Cluster operating system rolling upgrade
Applies to: Windows Server 2022, Windows Server 2019, Windows Server 2016
Cluster OS Rolling Upgrade enables an administrator to upgrade the operating system of cluster nodes Hyper-V or Scale-Out File Server workloads without stopping them. Using this feature, the downtime penalties against Service Level Agreements (SLA) can be avoided.
Cluster OS Rolling Upgrade provides the following benefits:
Failover clusters running Hyper-V virtual machine and Scale-out File Server (SOFS) workloads can be upgraded from a version of Windows Server, starting with Windows Server 2012 R2, to a newer version of Windows Server. For example you can upgrade Windows Server 2016 (running on all cluster nodes of the cluster) to Windows Server 2019 (running on all nodes in the cluster) without downtime.

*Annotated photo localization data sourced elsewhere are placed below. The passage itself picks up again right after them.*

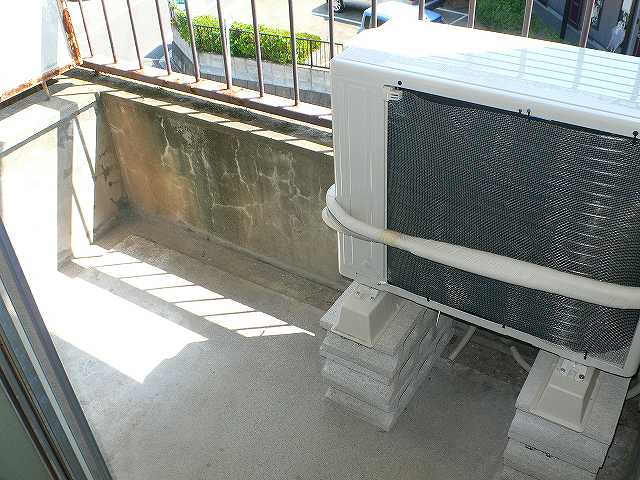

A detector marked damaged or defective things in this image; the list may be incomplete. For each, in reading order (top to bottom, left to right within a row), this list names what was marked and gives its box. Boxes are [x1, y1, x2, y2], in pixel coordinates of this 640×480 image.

rust stain on metal [59, 0, 83, 64]
rust stain on metal [0, 62, 75, 103]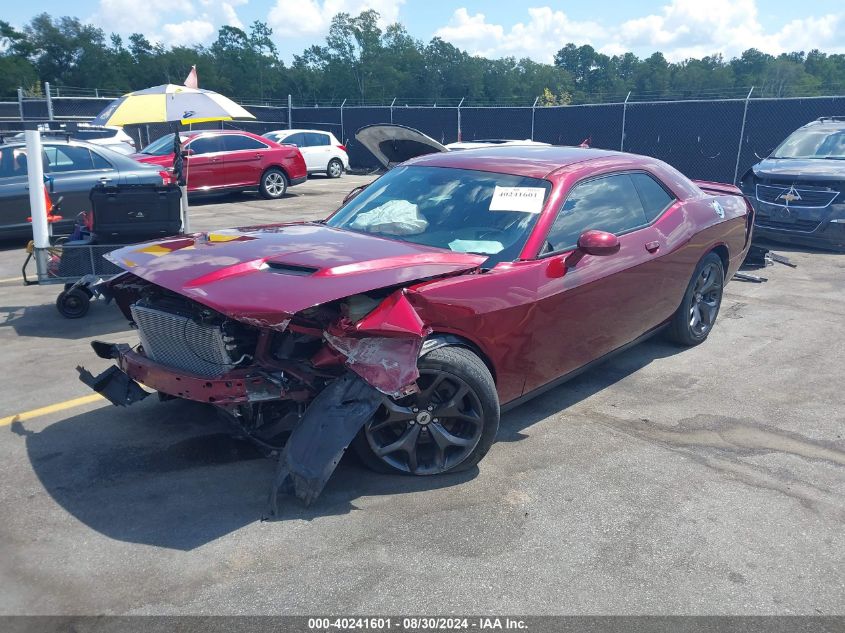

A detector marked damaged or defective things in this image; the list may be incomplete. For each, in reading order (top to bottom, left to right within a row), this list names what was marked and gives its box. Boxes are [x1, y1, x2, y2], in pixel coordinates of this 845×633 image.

damaged hood [356, 123, 448, 168]
damaged hood [105, 222, 482, 328]
crumpled front bumper [77, 340, 280, 404]
torn fender [266, 372, 380, 516]
damaged front wheel [352, 346, 498, 474]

It doesn't require any additional hardware. In small clusters, you can add additional cluster nodes temporarily to improve availability of the cluster during the Cluster OS Rolling Upgrade process.
The cluster doesn't need to be stopped or restarted.
A new cluster is not required. The existing cluster is upgraded. In addition, existing cluster objects stored in Active Directory are used.
The upgrade process is reversible until the final step, when all cluster nodes are running the newer version of Windows Server and the
Update-ClusterFunctionalLevelPowerShell cmdlet is run.
The cluster can support patching and maintenance operations while running in the mixed-OS mode.
It supports automation via PowerShell and WMI.
The cluster public property ClusterFunctionalLevel property indicates the state of the cluster on Windows Server 2016 and later cluster nodes. This property can be queried using the PowerShell cmdlet from a cluster node that belongs to a failover cluster:
Get-Cluster | Select ClusterFunctionalLevel
The table below shows the values and each corresponding functional level:
Value Functional level 8 Windows Server 2012 R2 9 Windows Server 2016 10 Windows Server 2019
This guide describes the various stages of the Cluster OS Rolling Upgrade process, installation steps, feature limitations, and frequently asked questions (FAQs), and is applicable to the following Cluster OS Rolling Upgrade scenarios in Windows Server:
- Hyper-V clusters
- Scale-Out File Server clusters
The following scenario is not supported:
- Cluster OS Rolling Upgrade of guest clusters using virtual hard disk (.vhdx file) as shared storage.
Cluster OS Rolling Upgrade is fully supported by System Center Virtual Machine Manager (SCVMM). If you are using SCVMM, see Perform a rolling upgrade of a Hyper-V host cluster to Windows Server 2016 in VMM for guidance on upgrading the clusters and automating the steps that are described in this document.
Complete the following requirements before you begin the Cluster OS Rolling Upgrade process:
- Start with a Failover Cluster running Windows Server 2012 R2 or newer. You can upgrade to the next version, for example from Windows Server 2016 to Windows Server 2019.
- Verify that the Hyper-V nodes have CPUs that support Second-Level Addressing Table (SLAT) using one of the following methods; - Review the Are you SLAT Compatible? WP8 SDK Tip 01 article that describes two methods to check if a CPU supports SLATs - Download the Coreinfo v3.31 tool to determine if a CPU supports SLAT.
Cluster transition states during Cluster OS Rolling Upgrade
This section describes the various transition states of the Windows Server cluster that is being upgraded to the next version of Windows Server using Cluster OS Rolling Upgrade.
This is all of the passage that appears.